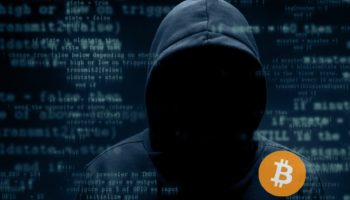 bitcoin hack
######
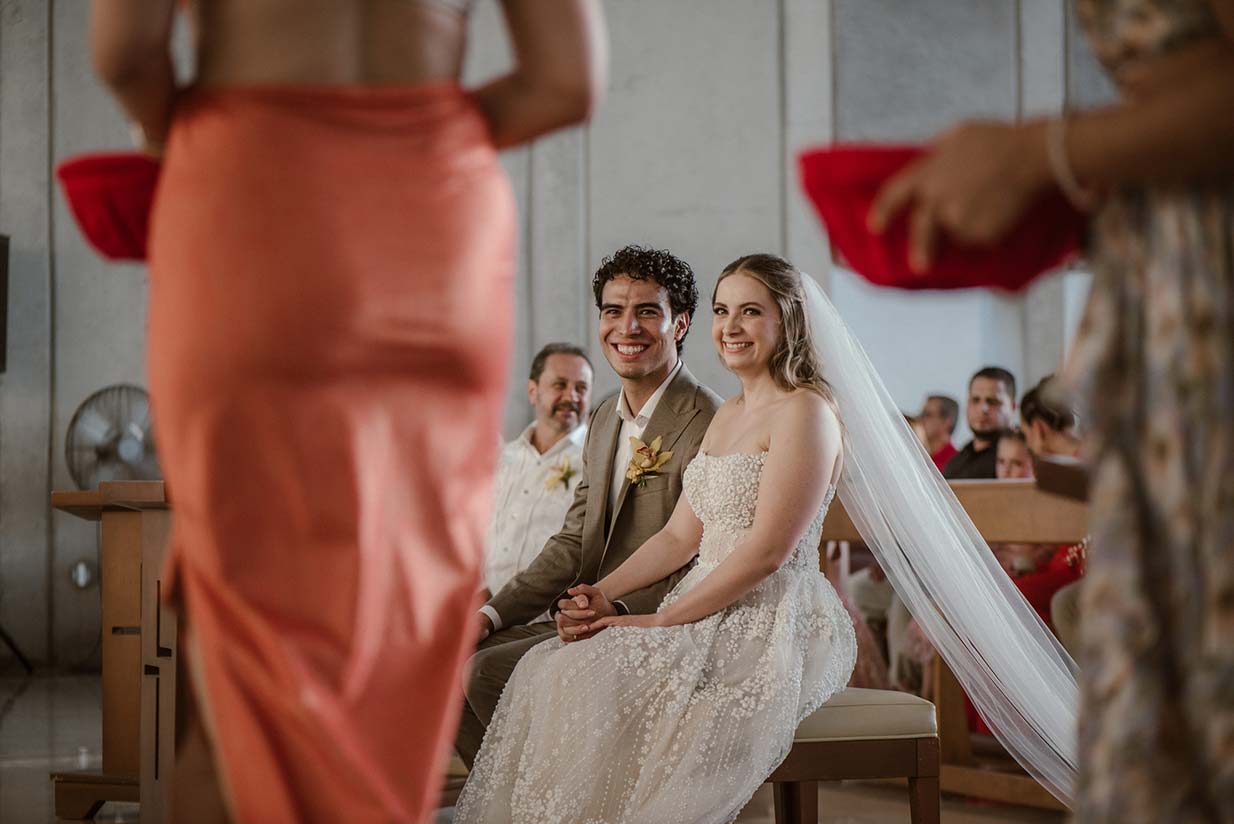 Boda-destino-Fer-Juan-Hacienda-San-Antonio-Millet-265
######
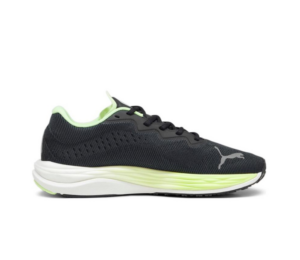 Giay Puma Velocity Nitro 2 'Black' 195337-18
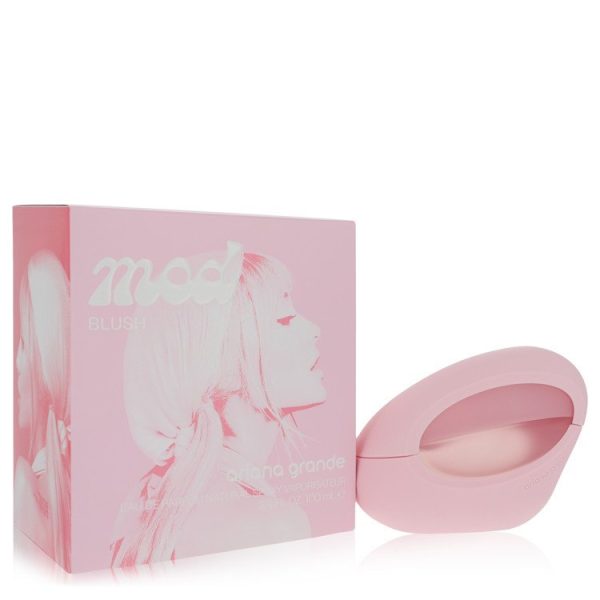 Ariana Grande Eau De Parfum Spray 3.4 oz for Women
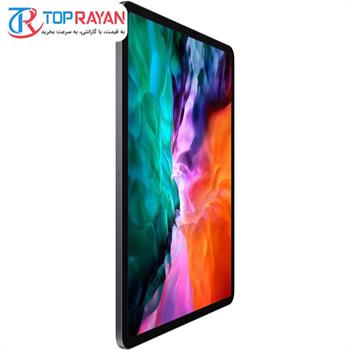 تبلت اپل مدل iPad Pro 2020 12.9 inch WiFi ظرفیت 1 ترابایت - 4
######
* _Task prompt_
Exactly the lines starting at the one above with "Ariana Grande Eau" and ending at the one with "تبلت اپل مدل" should be printed, and nothing else. Omit the pictures.

* _Task solution_
 Ariana Grande Eau De Parfum Spray 3.4 oz for Women
 تبلت اپل مدل iPad Pro 2020 12.9 inch WiFi ظرفیت 1 ترابایت - 4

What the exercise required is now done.